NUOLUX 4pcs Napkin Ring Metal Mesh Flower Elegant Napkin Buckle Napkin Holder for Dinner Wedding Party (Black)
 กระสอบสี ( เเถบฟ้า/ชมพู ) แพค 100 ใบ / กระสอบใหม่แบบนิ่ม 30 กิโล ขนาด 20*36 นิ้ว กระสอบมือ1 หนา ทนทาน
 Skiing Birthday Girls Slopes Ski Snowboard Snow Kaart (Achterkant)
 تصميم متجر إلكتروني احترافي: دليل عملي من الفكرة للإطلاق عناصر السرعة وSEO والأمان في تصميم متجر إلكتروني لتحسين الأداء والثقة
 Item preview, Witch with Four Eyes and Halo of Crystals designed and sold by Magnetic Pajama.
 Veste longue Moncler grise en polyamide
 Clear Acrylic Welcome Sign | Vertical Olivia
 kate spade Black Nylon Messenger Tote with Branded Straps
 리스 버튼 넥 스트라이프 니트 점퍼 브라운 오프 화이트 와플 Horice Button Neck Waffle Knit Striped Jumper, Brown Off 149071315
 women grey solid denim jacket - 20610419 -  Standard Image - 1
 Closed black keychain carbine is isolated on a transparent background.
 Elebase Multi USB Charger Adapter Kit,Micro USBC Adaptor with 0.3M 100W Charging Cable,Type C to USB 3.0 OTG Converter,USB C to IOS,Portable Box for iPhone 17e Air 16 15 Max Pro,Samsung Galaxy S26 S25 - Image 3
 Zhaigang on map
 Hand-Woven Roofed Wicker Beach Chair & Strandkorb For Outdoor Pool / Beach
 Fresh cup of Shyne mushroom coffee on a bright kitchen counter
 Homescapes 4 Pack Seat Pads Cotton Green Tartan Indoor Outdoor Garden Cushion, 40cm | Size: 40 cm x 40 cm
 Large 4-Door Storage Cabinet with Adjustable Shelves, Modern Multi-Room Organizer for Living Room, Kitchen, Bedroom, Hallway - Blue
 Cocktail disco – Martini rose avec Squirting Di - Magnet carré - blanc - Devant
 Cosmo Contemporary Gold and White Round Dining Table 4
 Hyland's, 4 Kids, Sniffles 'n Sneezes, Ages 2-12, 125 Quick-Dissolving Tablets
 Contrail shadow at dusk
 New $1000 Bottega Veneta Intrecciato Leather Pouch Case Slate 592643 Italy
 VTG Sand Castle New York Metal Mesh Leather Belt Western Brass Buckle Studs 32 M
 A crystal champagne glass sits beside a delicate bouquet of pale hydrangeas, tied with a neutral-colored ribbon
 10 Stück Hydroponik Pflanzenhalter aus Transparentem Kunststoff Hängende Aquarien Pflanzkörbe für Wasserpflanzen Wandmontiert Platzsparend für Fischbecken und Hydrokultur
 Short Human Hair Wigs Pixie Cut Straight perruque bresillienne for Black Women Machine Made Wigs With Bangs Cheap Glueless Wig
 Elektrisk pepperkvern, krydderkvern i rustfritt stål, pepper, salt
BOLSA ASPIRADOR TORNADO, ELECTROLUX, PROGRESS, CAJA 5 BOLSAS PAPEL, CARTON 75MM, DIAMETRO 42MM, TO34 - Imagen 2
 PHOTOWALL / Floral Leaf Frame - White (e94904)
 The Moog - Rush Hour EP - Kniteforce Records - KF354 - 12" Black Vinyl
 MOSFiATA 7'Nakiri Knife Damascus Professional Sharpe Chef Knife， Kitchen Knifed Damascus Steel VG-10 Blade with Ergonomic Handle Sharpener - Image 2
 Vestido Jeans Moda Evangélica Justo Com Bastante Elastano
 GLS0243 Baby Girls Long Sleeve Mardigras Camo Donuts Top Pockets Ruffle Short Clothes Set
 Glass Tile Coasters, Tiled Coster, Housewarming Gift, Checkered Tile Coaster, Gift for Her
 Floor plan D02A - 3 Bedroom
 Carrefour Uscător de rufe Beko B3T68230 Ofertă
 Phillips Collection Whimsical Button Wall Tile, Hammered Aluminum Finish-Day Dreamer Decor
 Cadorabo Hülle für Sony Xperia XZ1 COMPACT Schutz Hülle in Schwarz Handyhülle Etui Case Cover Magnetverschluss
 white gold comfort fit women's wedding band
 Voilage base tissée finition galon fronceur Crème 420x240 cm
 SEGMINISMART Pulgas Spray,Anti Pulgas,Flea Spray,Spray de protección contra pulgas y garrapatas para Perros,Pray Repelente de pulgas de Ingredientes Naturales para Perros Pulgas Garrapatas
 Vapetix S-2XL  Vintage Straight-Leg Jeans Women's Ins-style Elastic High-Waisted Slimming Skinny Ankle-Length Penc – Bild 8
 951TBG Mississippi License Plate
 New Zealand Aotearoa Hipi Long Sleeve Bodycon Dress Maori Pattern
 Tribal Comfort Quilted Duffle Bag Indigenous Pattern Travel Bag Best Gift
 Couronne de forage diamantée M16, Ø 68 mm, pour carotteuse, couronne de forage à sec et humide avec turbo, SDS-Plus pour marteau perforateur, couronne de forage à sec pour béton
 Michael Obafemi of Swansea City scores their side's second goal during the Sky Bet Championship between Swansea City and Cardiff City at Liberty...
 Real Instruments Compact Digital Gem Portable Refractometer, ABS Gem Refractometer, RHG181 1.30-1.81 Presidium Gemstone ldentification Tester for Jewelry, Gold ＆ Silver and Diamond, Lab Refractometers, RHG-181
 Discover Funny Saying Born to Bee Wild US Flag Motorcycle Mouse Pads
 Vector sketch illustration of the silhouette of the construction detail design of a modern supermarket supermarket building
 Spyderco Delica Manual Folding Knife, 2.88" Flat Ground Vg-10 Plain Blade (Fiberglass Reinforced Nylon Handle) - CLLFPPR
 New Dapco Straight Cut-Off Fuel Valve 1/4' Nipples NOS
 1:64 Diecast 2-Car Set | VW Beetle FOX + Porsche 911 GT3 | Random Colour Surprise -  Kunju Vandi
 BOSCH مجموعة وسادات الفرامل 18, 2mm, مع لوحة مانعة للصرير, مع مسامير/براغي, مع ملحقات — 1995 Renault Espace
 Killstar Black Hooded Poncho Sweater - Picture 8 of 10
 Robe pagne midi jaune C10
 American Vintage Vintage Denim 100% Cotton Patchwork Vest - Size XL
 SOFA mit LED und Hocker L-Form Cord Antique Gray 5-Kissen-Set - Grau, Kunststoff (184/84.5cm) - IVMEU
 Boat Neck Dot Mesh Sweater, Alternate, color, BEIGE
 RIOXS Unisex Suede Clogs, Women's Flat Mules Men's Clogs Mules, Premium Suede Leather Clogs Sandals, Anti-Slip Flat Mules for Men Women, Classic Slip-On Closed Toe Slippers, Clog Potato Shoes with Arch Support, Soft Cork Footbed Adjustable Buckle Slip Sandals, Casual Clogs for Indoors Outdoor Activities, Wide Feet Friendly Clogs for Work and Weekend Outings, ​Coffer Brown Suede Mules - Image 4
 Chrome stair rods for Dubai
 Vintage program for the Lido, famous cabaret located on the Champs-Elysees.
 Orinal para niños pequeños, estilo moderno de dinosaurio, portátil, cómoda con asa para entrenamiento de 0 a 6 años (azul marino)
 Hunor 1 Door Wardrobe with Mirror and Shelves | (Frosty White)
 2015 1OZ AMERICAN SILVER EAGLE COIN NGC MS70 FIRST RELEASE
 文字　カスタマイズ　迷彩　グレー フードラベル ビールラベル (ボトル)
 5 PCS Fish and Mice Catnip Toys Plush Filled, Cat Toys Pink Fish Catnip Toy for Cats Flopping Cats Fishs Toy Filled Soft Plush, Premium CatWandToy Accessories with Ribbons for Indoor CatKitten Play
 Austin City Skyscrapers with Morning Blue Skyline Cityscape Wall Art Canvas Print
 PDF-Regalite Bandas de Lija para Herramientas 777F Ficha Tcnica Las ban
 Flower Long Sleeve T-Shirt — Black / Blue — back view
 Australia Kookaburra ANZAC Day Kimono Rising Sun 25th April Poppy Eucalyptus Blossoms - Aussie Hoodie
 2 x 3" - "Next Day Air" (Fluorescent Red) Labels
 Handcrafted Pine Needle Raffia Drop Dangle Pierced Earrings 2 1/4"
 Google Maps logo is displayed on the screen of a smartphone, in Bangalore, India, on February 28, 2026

Requirement
Each line in the listing above that contains "Size" should be copied.

Result for this task
 Homescapes 4 Pack Seat Pads Cotton Green Tartan Indoor Outdoor Garden Cushion, 40cm | Size: 40 cm x 40 cm
 American Vintage Vintage Denim 100% Cotton Patchwork Vest - Size XL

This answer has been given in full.